# Provided information:
_ _ _

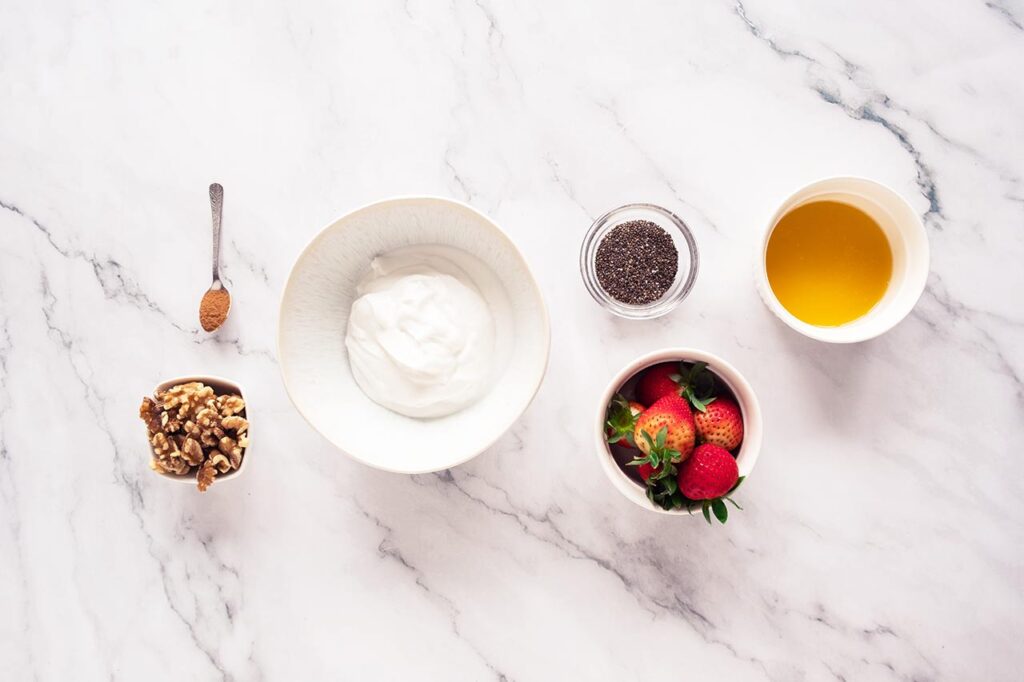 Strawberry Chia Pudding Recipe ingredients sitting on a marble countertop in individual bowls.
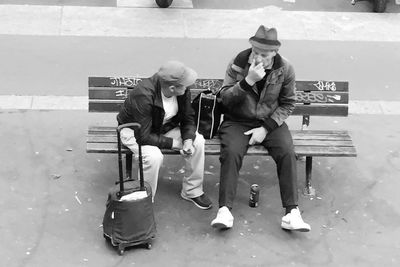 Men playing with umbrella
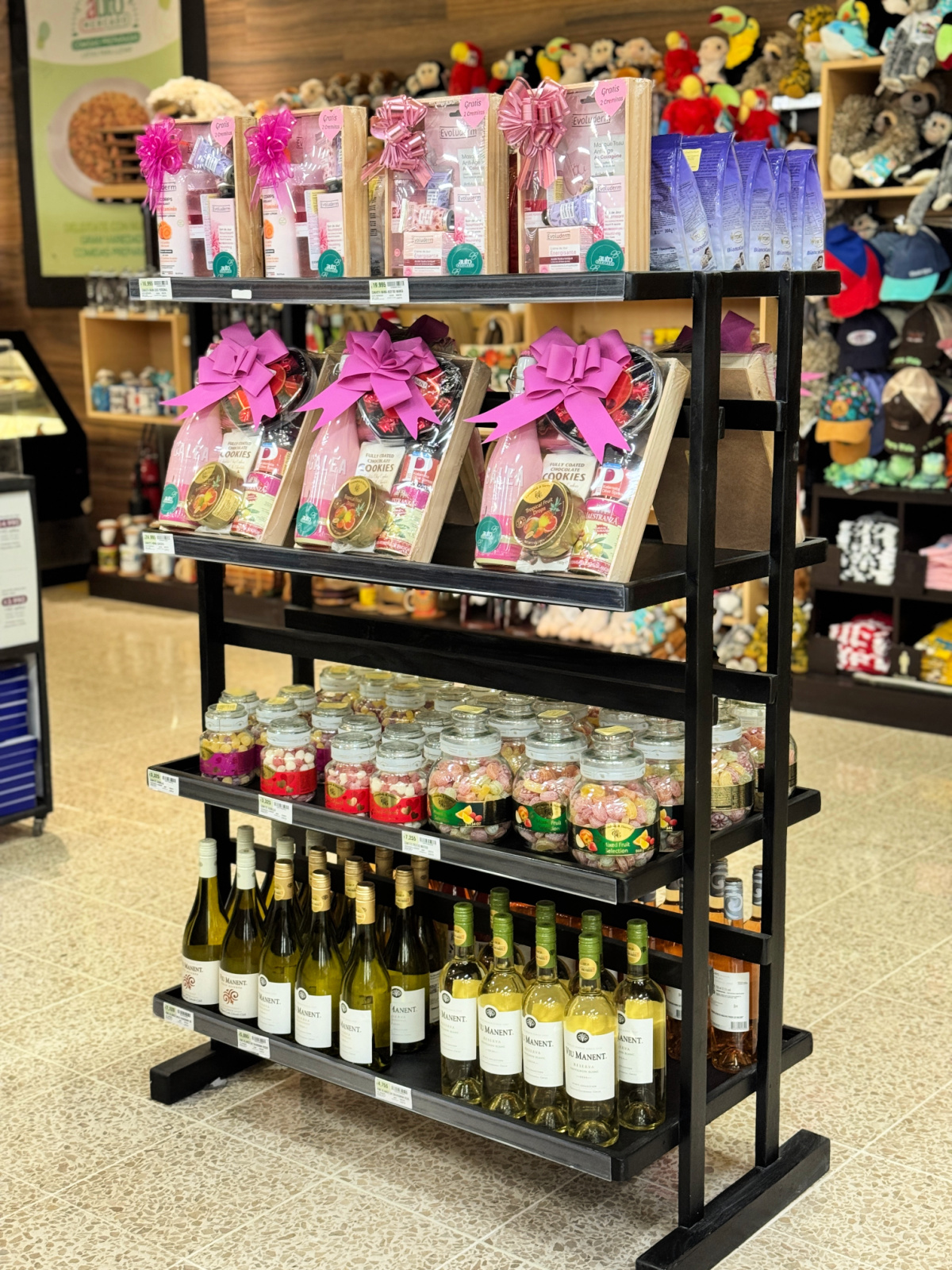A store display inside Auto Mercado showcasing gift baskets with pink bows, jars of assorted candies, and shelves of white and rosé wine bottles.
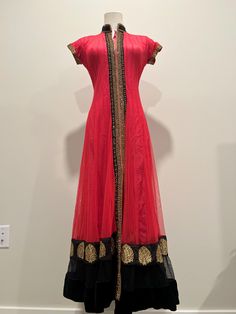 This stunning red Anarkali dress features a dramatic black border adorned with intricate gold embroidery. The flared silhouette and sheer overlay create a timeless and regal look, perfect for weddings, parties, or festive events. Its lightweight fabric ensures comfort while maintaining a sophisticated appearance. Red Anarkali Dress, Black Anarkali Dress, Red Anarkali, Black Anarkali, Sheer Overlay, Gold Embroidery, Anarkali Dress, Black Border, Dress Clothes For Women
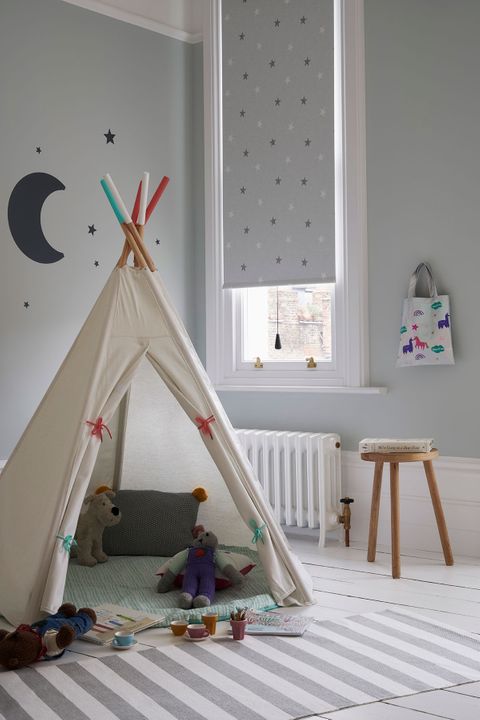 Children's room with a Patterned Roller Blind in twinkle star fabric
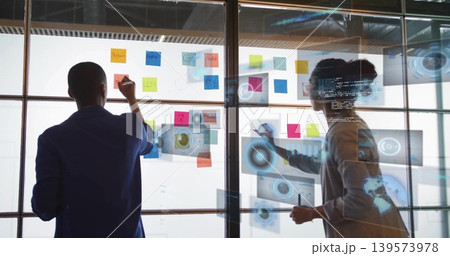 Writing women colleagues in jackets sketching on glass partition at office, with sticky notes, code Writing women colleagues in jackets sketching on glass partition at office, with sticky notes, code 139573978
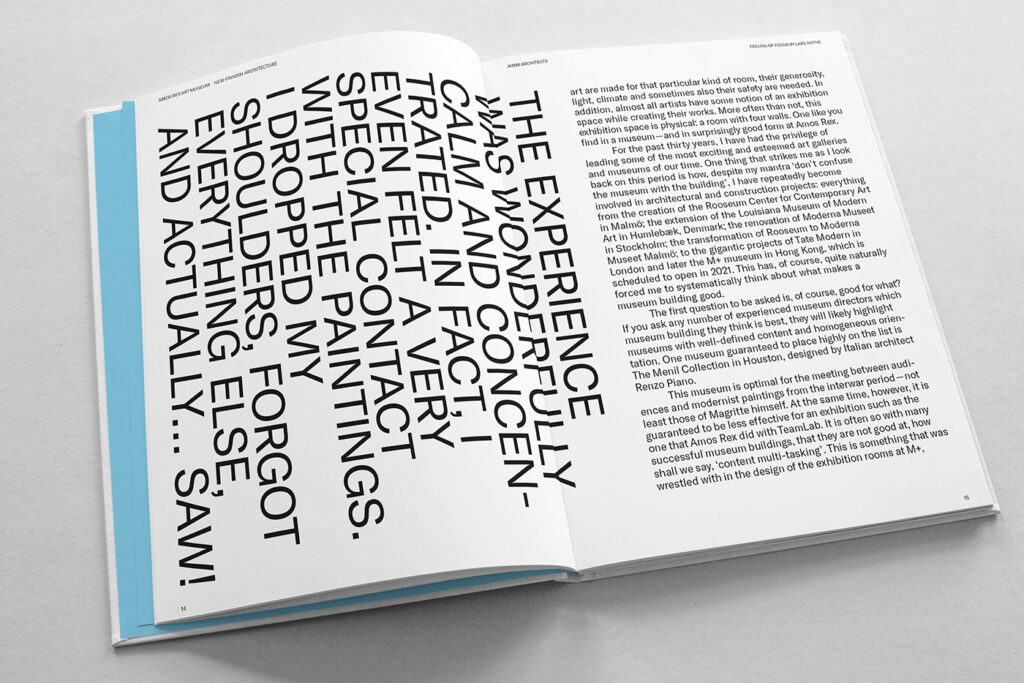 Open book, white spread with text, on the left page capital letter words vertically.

_ _ _

# Directions:
Repeat the listing word for word, omitting the pictures.

# Result below:
 Strawberry Chia Pudding Recipe ingredients sitting on a marble countertop in individual bowls.
 Men playing with umbrella
A store display inside Auto Mercado showcasing gift baskets with pink bows, jars of assorted candies, and shelves of white and rosé wine bottles.
 This stunning red Anarkali dress features a dramatic black border adorned with intricate gold embroidery. The flared silhouette and sheer overlay create a timeless and regal look, perfect for weddings, parties, or festive events. Its lightweight fabric ensures comfort while maintaining a sophisticated appearance. Red Anarkali Dress, Black Anarkali Dress, Red Anarkali, Black Anarkali, Sheer Overlay, Gold Embroidery, Anarkali Dress, Black Border, Dress Clothes For Women
 Children's room with a Patterned Roller Blind in twinkle star fabric
 Writing women colleagues in jackets sketching on glass partition at office, with sticky notes, code Writing women colleagues in jackets sketching on glass partition at office, with sticky notes, code 139573978
 Open book, white spread with text, on the left page capital letter words vertically.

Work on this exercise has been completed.